▸ Your objective: The entries below contain pictures, which are to be left out; write out exactly, and only, the lines from the line with "To set the reminder, select" up to and including the line with "Hi everyone, it's".

Dataset entries
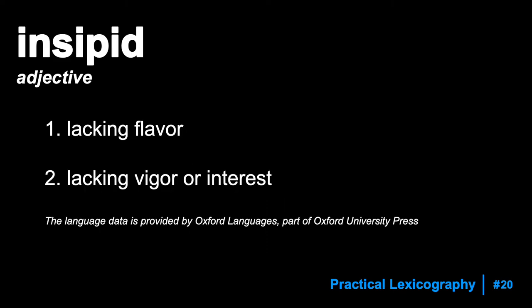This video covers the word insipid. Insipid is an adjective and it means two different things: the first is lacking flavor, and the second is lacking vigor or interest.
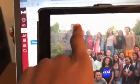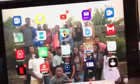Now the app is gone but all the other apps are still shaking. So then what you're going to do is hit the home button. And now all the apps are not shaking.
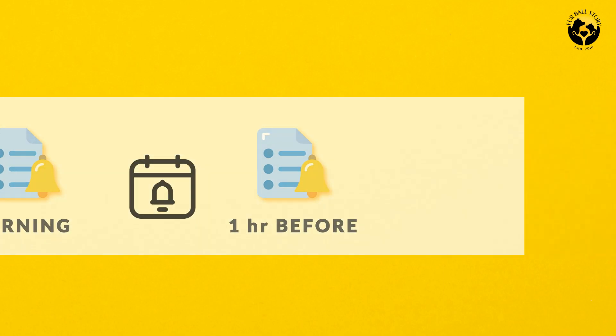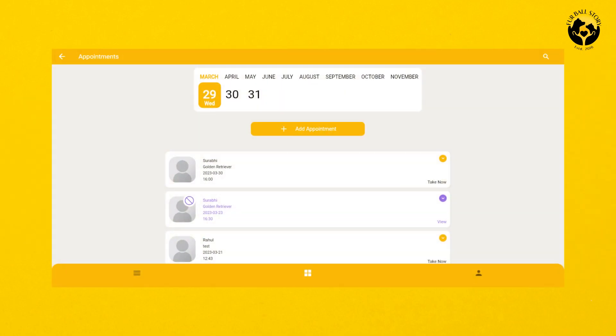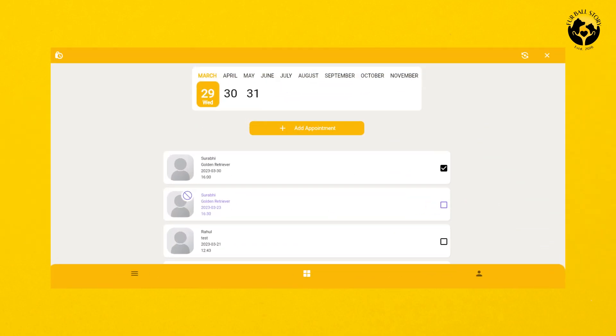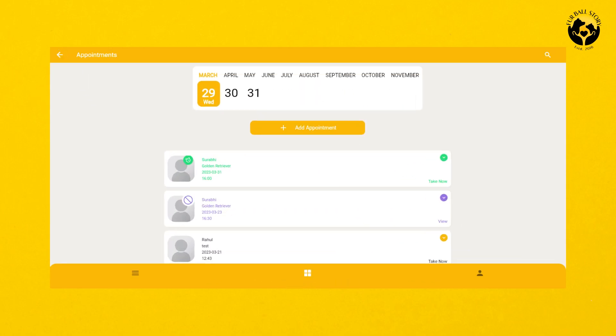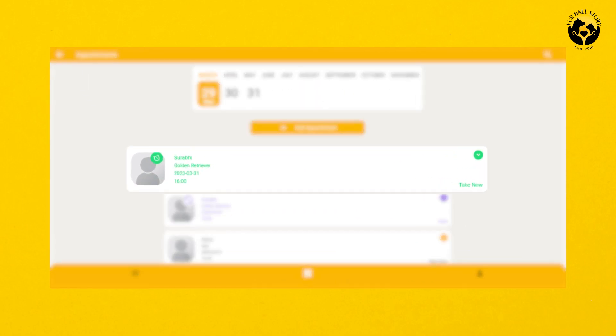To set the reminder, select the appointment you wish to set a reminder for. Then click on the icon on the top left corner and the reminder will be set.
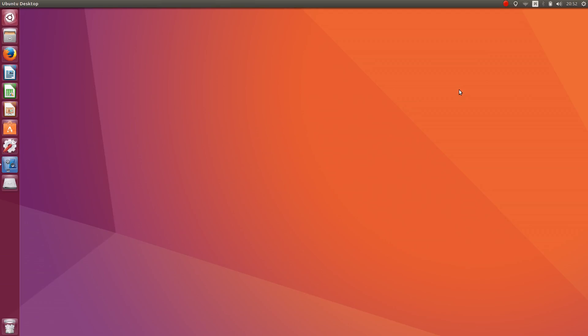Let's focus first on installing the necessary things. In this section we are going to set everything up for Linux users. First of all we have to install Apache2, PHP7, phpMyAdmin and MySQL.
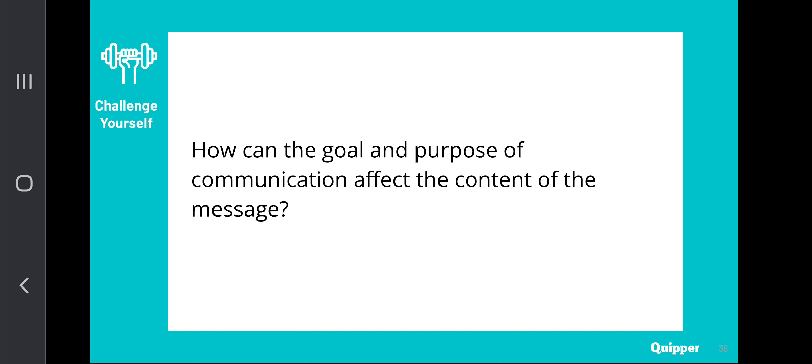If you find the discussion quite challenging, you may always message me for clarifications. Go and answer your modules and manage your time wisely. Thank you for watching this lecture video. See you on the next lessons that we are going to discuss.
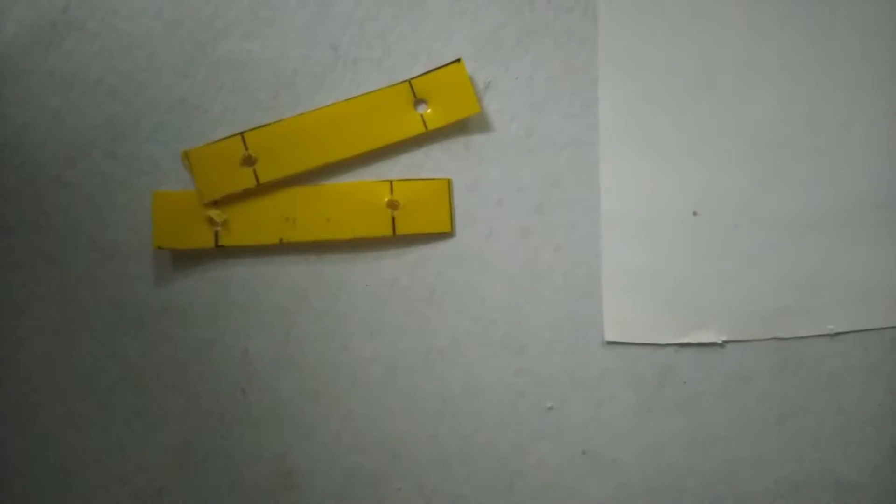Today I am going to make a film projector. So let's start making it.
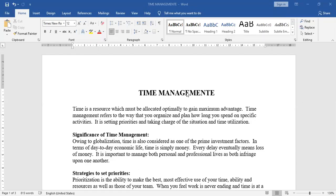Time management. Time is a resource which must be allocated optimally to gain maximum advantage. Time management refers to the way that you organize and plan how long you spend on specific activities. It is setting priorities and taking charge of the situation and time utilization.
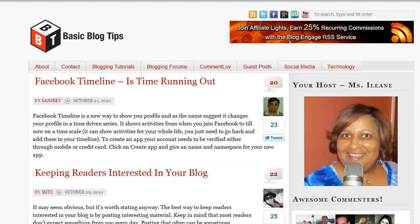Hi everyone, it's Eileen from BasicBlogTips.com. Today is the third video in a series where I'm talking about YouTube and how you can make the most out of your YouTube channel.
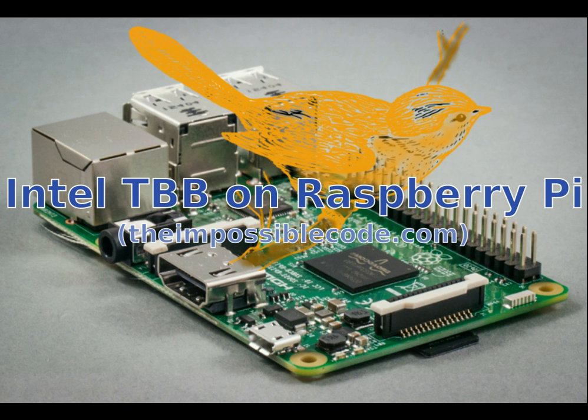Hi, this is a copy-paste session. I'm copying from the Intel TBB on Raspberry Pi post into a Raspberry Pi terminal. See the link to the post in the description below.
--
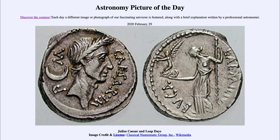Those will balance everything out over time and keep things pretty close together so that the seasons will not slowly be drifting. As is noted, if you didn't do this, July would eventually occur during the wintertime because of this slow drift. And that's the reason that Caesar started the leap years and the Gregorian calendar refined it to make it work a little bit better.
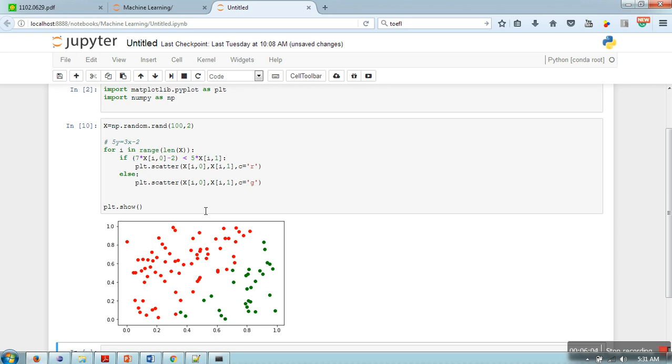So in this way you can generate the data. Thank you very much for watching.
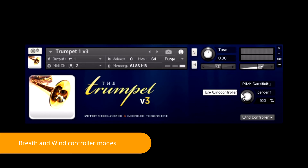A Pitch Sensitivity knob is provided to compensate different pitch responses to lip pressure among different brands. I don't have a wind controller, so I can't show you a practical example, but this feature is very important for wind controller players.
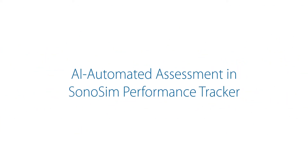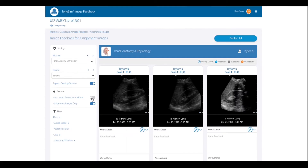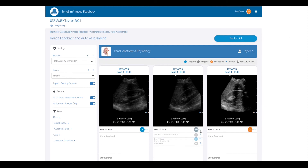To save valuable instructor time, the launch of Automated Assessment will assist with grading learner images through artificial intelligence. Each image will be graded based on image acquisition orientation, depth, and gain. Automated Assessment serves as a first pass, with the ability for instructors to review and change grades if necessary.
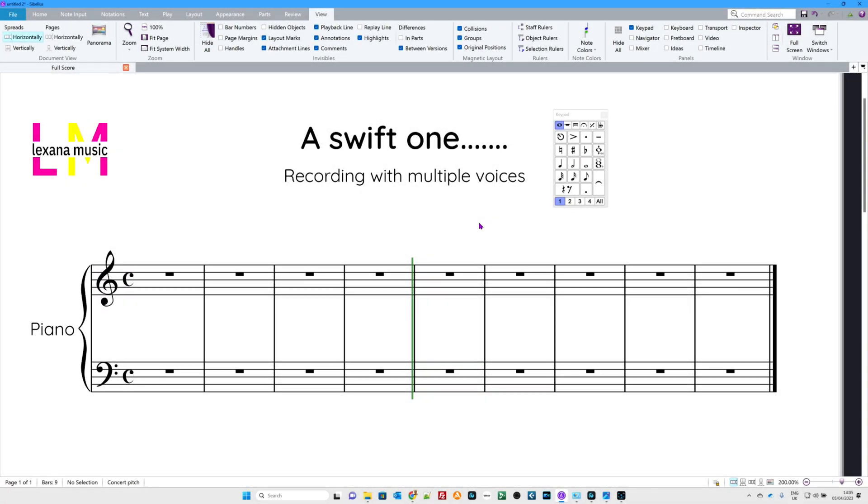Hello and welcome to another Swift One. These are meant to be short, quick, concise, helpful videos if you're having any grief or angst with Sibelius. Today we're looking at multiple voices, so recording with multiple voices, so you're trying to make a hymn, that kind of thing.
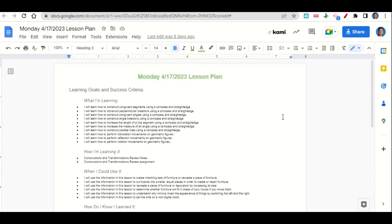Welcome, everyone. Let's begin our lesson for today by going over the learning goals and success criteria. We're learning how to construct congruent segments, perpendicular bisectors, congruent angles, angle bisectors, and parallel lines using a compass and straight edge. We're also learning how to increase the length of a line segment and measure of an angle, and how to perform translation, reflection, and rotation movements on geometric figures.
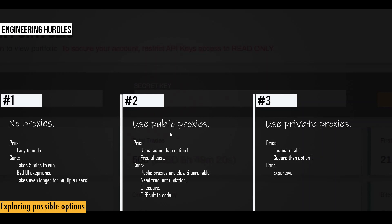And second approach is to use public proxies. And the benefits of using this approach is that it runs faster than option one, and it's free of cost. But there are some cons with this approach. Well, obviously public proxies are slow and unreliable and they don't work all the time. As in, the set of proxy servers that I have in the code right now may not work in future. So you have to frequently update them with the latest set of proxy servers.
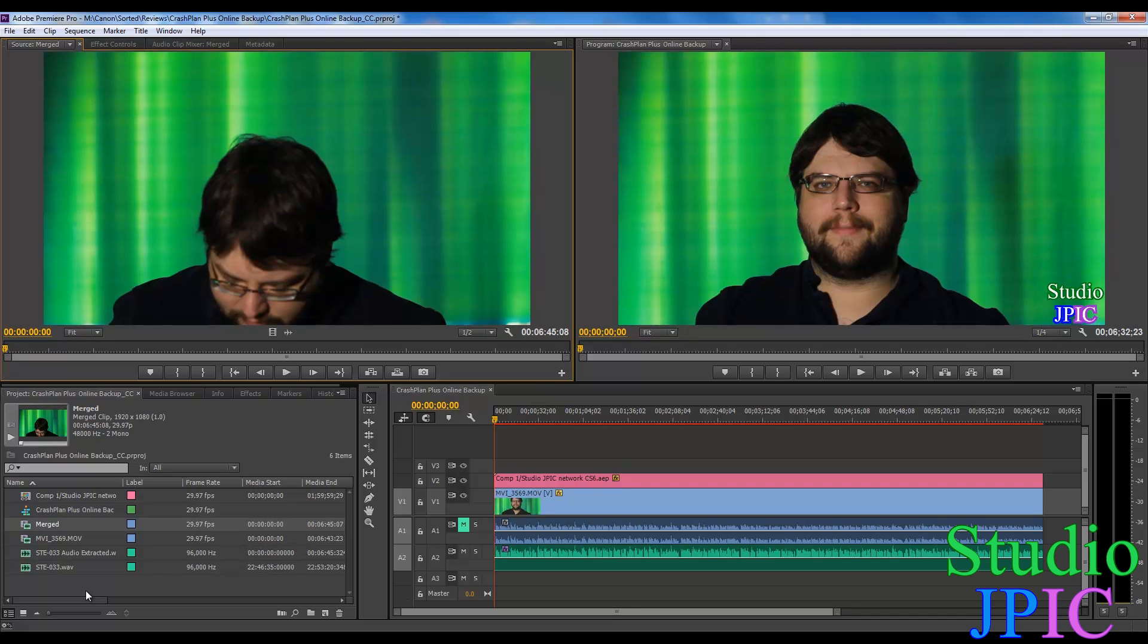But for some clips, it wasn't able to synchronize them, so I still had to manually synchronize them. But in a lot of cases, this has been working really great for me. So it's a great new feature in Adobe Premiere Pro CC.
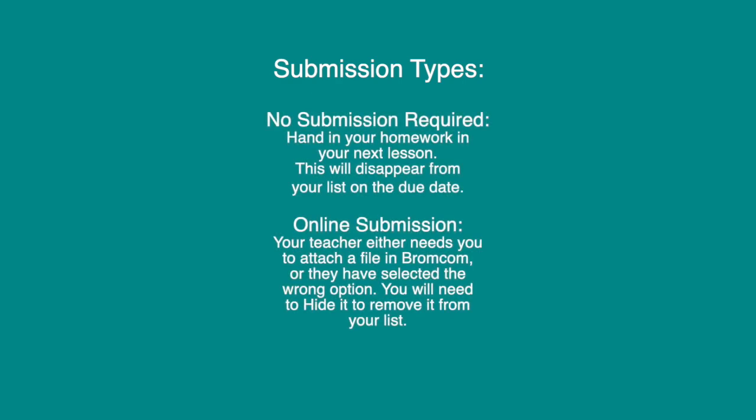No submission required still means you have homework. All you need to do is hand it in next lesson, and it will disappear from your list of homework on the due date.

▸ Exercise response:
To set the reminder, select the appointment you wish to set a reminder for. Then click on the icon on the top left corner and the reminder will be set.
Let's focus first on installing the necessary things. In this section we are going to set everything up for Linux users. First of all we have to install Apache2, PHP7, phpMyAdmin and MySQL.
If you find the discussion quite challenging, you may always message me for clarifications. Go and answer your modules and manage your time wisely. Thank you for watching this lecture video. See you on the next lessons that we are going to discuss.
Today I am going to make a film projector. So let's start making it.
Time management. Time is a resource which must be allocated optimally to gain maximum advantage. Time management refers to the way that you organize and plan how long you spend on specific activities. It is setting priorities and taking charge of the situation and time utilization.
Hi everyone, it's Eileen from BasicBlogTips.com. Today is the third video in a series where I'm talking about YouTube and how you can make the most out of your YouTube channel.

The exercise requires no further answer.